We have strong cash flow, it allows us, as Stu said, it's only roughly about $13 million a year. It allows us to continue to do everything we wanna do from a digital investment standpoint. It allows us now to reward our current shareholders and hopefully future shareholders when they evaluate what a strong cash flow, high yielding dividend and digital company is doing. It also allows us, as Stu said, to opportunistically continue to delever and buy bonds in the open market.

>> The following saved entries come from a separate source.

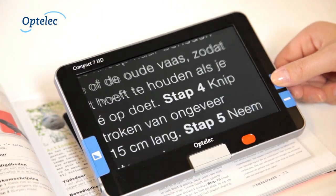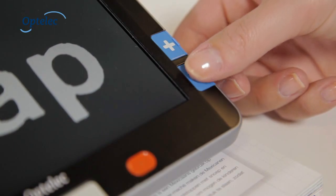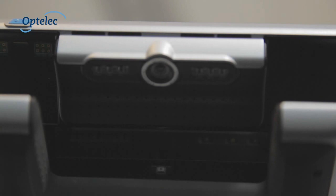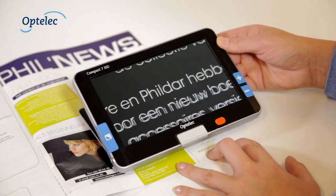To adjust the magnification, press the plus or minus button. The Compact 7 HD is designed to slide over documents smoothly. The unique lighting concept creates an even image which is not affected by light reflections.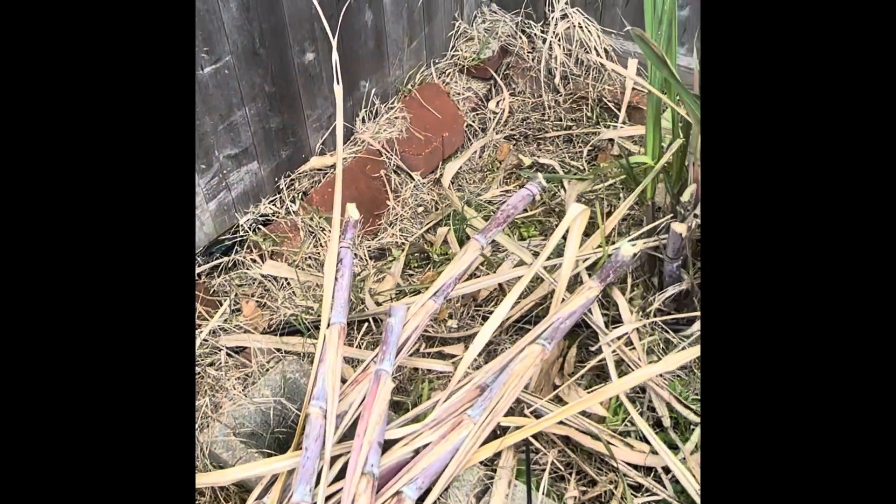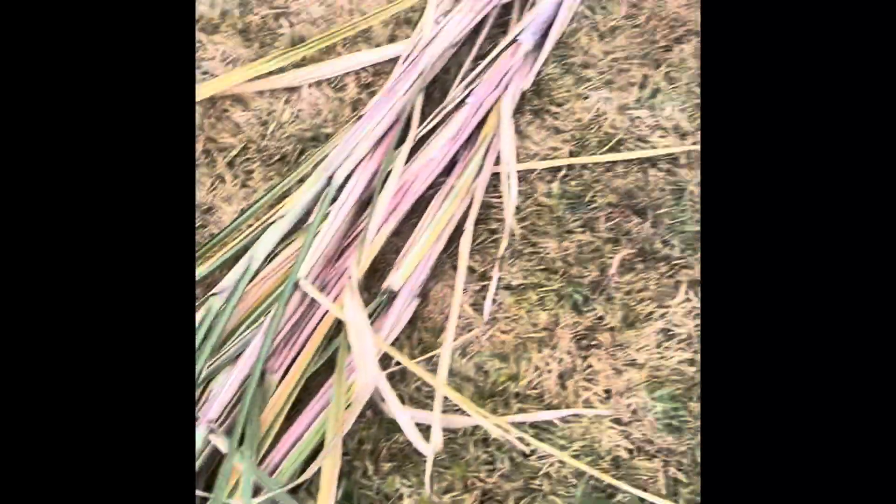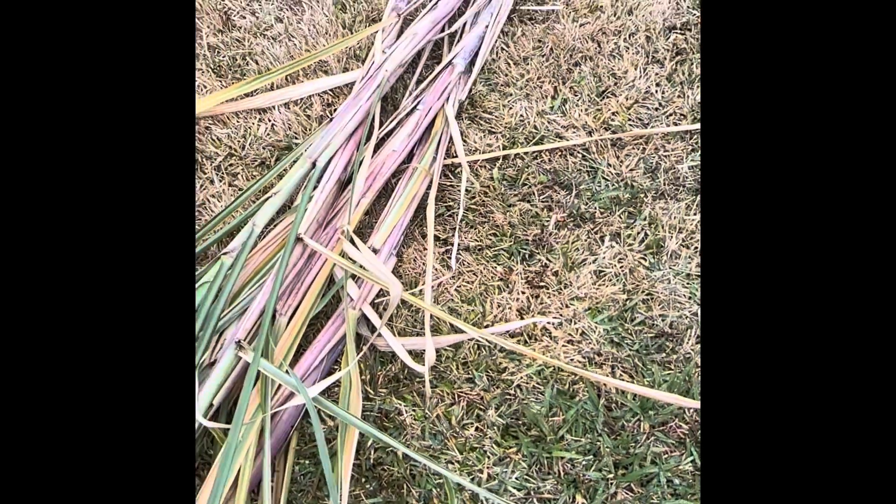Single-handedly harvested all the sugarcane from our backyard garden. Those are new plants. That's all sugarcane from our backyard garden. Thanks for watching. Bye.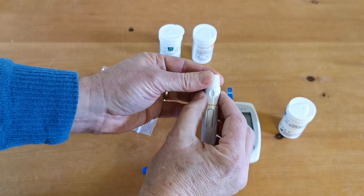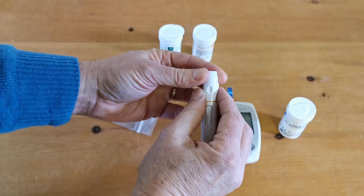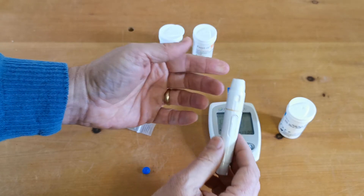One is the shallowest setting and six is the deepest. Because cholesterol requires a good sample of blood, we're going to go for five or six on this lance.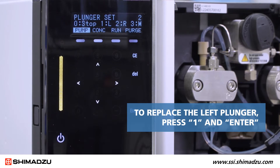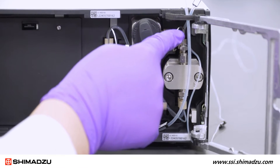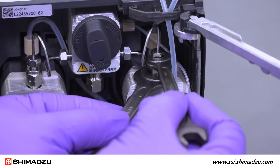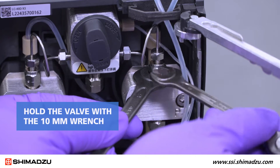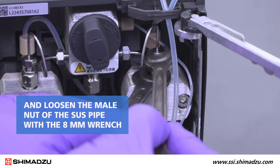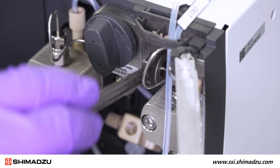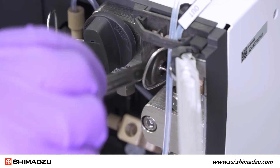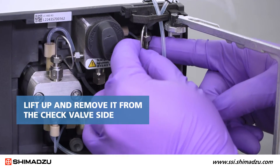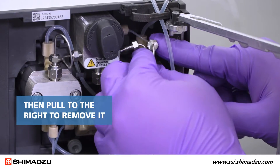To replace the left plunger, press 1 and Enter. Now remove the stainless steel SUS tube connecting the check valve outlet to the pressure sensor. Start with the connection on the check valve. Hold the valve with the 10mm wrench and loosen the male nut of the SUS pipe with the 8mm wrench. Then do the same for the connection on the pressure sensor. Once the SUS pipe is loosened, lift up and remove it from the check valve side, then pull to the right to remove it from the pressure sensor side.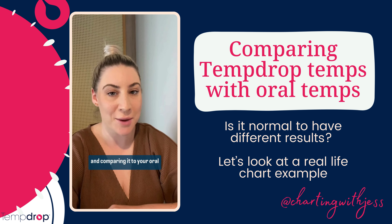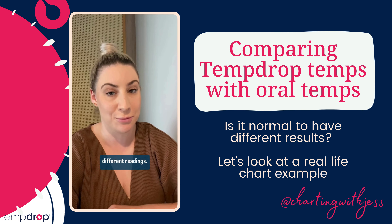If you're using the TempDrop and comparing it to your oral basal body thermometer, you're going to get completely different readings. Your TempDrop might be slightly higher or slightly lower compared to your basal body thermometer, and the reason is because they are completely differently calibrated. Just like if you were to use two different types of oral basal body thermometers, they're going to give you two different readings because they are all slightly calibrated differently to each other.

We're quite pleased the board approved this and we look forward to our current shareholders receiving this dividend on May first, and we look forward to hopefully other people who are not shareholders today, having them look at this yield as well as our strong cash flow generation, and then factor that into a growing, robust digital company that's highly differentiated in markets outside the top 50. We're quite excited about the dividend and, pleased to share that with our shareholders.

Jim Goss (Managing Director and Senior Equity Research Analyst)

All right. Thanks. Thanks for the complete answers.

Bill Wilson (CEO)

Thank you, Jim, as always. Appreciate you asking the questions.

Operator (participant)

We have reached the end of our question-and-answer session. I would like to turn the conference back over to Bill for closing comments.

Bill Wilson (CEO)

Thank you, operator. Thanks everybody for joining in today. We're quite pleased and proud to share the results of 2022. We feel that we are in a tremendously strong position to weather the current macroeconomic environment. I just wanna say thank you to the Townsquare team. I feel like the commitment, passion for not only driving the company forward in this transformation to a digital-first local media company, but their commitment to their communities and to our clients is second to none, and we are very, very proud of that. Hope everybody has a great day. Look forward to connecting with you. It should be a couple months from now to share our Q1 results and our Q2 pacing. Have a great day.

Operator (participant)

Thank you. This will conclude today's conference. You may disconnect your lines at this time, and thank you for your participation.